(a) Field of the Invention
The present invention relates to a system and a method for controlling a hybrid vehicle, and more particularly, to a system and a method for controlling a hybrid vehicle capable of optimizing fuel consumption in the whole region of a designated driving path.
(b) Description of the Related Art
A hybrid electric vehicle may be variously formed using at least two power sources configured of an engine and a motor. The hybrid electric vehicle includes a transmission mounted electric device (TMED) type power train in which a motor, a transmission, and a driving shaft are connected in series. Further, an engine clutch is disposed between the engine and the motor, and thus the hybrid electric vehicle may be driven in an electric vehicle (EV) mode or a hybrid electric vehicle (HEV) mode based on whether the engine clutch is coupled.
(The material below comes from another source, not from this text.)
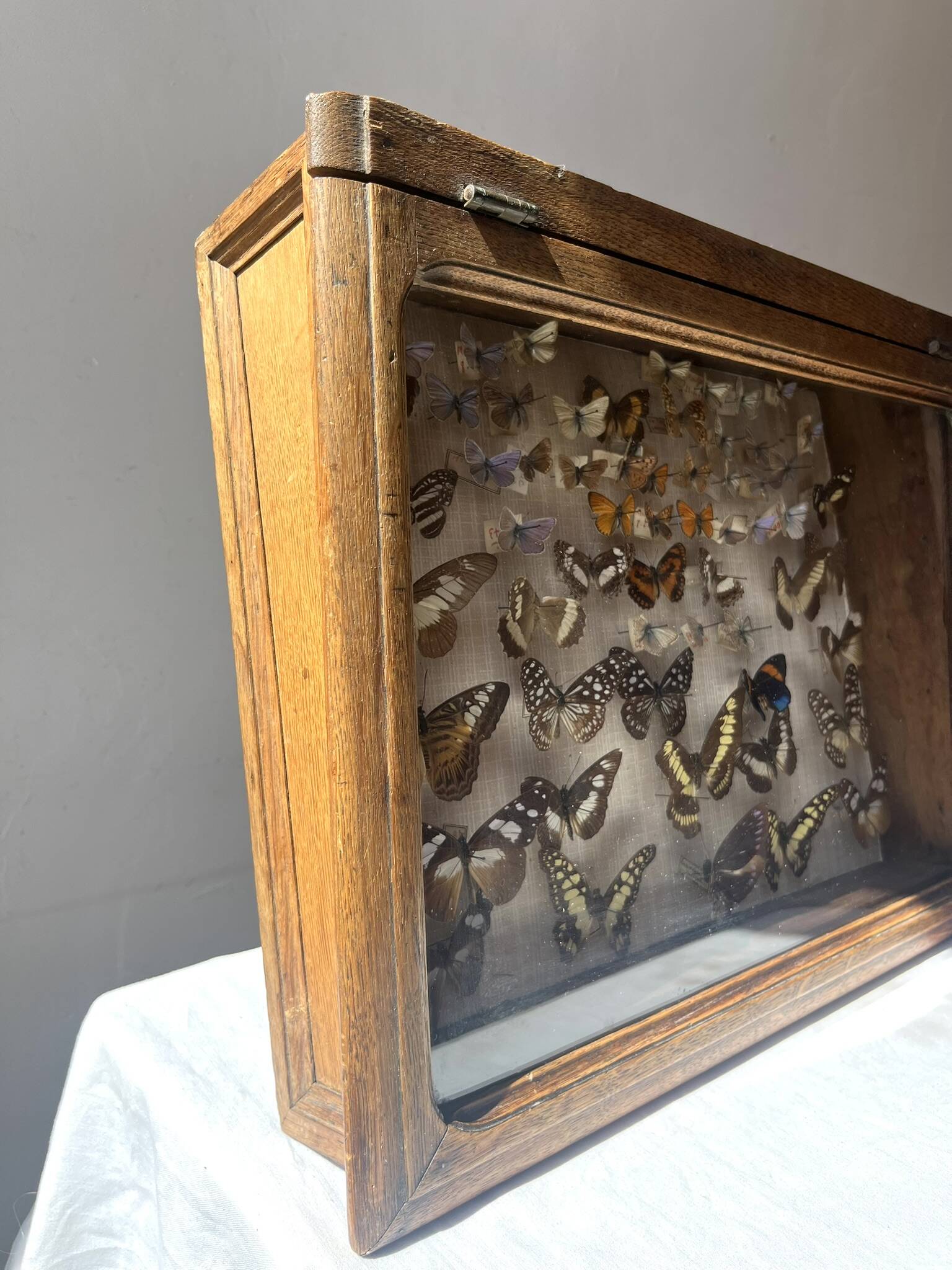 Vitrine / Collection de papillons anciens - 62 papillons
The EV mode is a mode in which a vehicle is driven by a driving torque of the motor and the HEV mode is a mode in which the vehicle is driven by a driving torque of the motor and the engine. Therefore, when the hybrid electric vehicle is being driven, the engine may be turned on or off. When a high voltage battery is applied to the TMED type power train, the engine may be turned off in the EV mode. Particularly, the engine may be turned on or off by setting an optimum operating point of the engine. In other words, battery use should be optimized by the hybrid vehicle to maximize improvement in fuel consumption of the hybrid vehicle.
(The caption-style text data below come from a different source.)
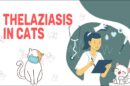 Thelaziasis In Cats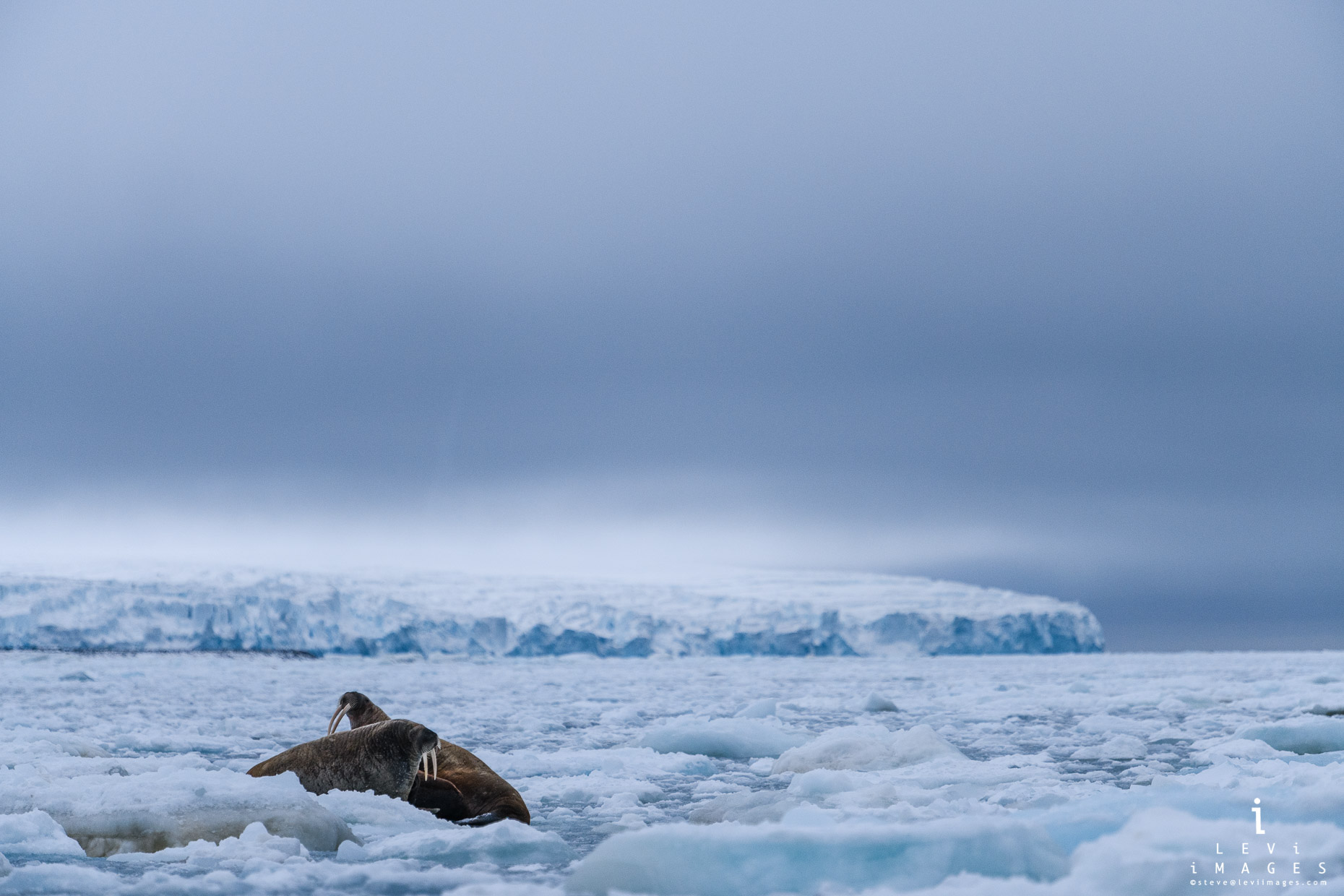 Walrus on ice near Kvitoya Ice Cap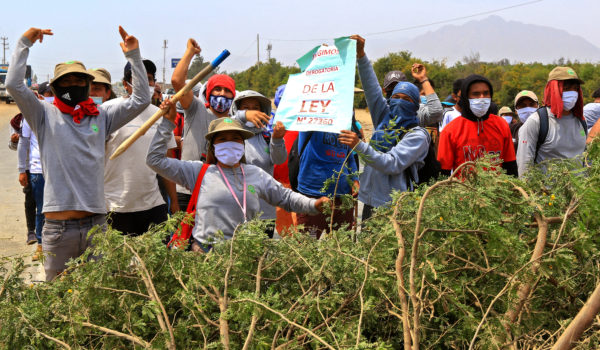 Muere trabajador rural en huelga laboral bajo nuevo gobierno de Perú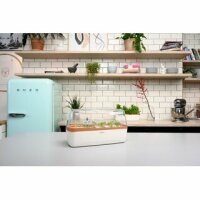 Romberg Gewächshaus BoQube L creme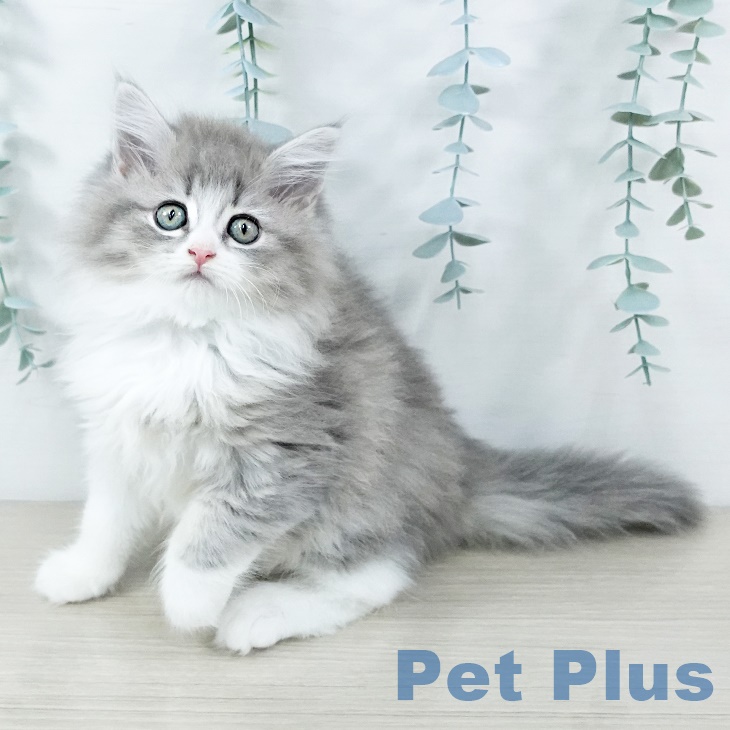 ノルウェージャンフォレストキャット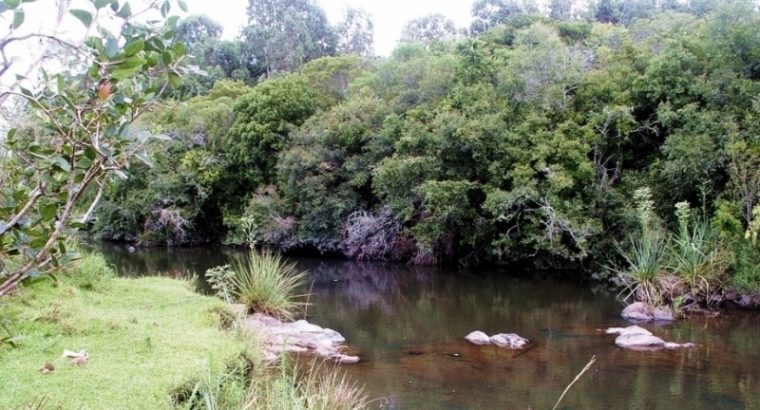 Más de 500 árboles nativos se plantarán en Artigas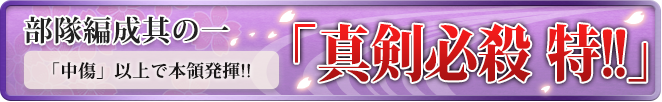 真剣必殺 特!!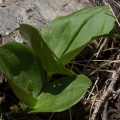 neottia-ovata-switzerland-2FD9F955-EA1E-41E0-931D-3C6814F63301.jpg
For example, a control of the current hybrid vehicle maximizes system efficiency based on instant driving conditions (e.g., local optimization) and predicts the expected driving conditions and uses the predicted driving conditions to more efficiently use battery energy. In other words, the existing hybrid vehicle control is performed in consideration of the instant driving conditions due to a limitation of operation performance of a controller, a lack of road traffic information, etc. However, the performance of the controller is rapidly improved and the amount and precision of the road traffic information are also increased, and as a result predicting future driving conditions and positively utilizing the predicted driving conditions may be realized.
As an example, a method for controlling a hybrid vehicle improves fuel efficiency by generating a targeted profile when destination information is input under a constant speed drive condition and improves fuel efficiency by applying an optimization technology in a section in which the vehicle is driven in an HEV mode to improve the SOC. As another example, the method for controlling a hybrid vehicle applies a real-time optimization technique at the time of auto cruise driving to extract an optimum fuel efficiency speed profile and then adjust a targeted cruise speed of a vehicle.
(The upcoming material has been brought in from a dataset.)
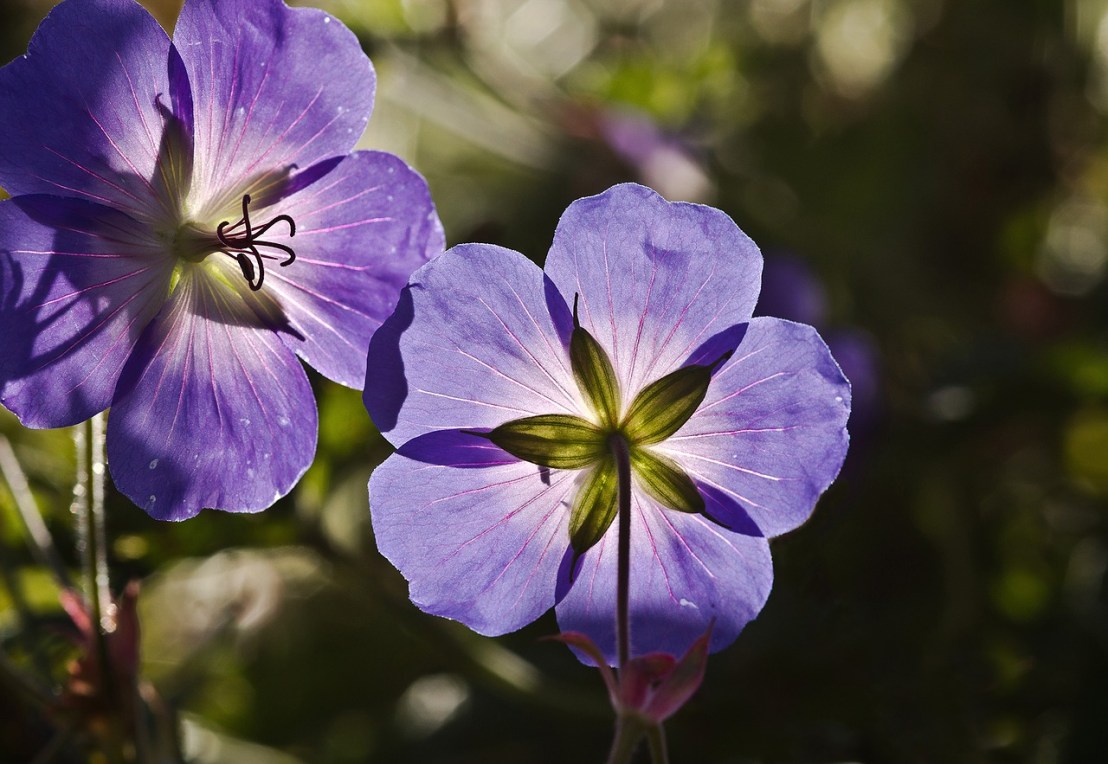 cranesbill-2235625_1280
The method for controlling a hybrid vehicle is operated by continuously repeating charging and discharging of a battery under congestion driving conditions. In particular, EV mode driving may not sufficiently be implemented due to energy shortage of the battery in a low speed congestion section and the engine should be operated in a low efficiency region to charge the battery.
The above information disclosed in this section is merely for enhancement of understanding of the background of the invention and therefore it may contain information that does not form the prior art that is already known in this country to a person of ordinary skill in the art.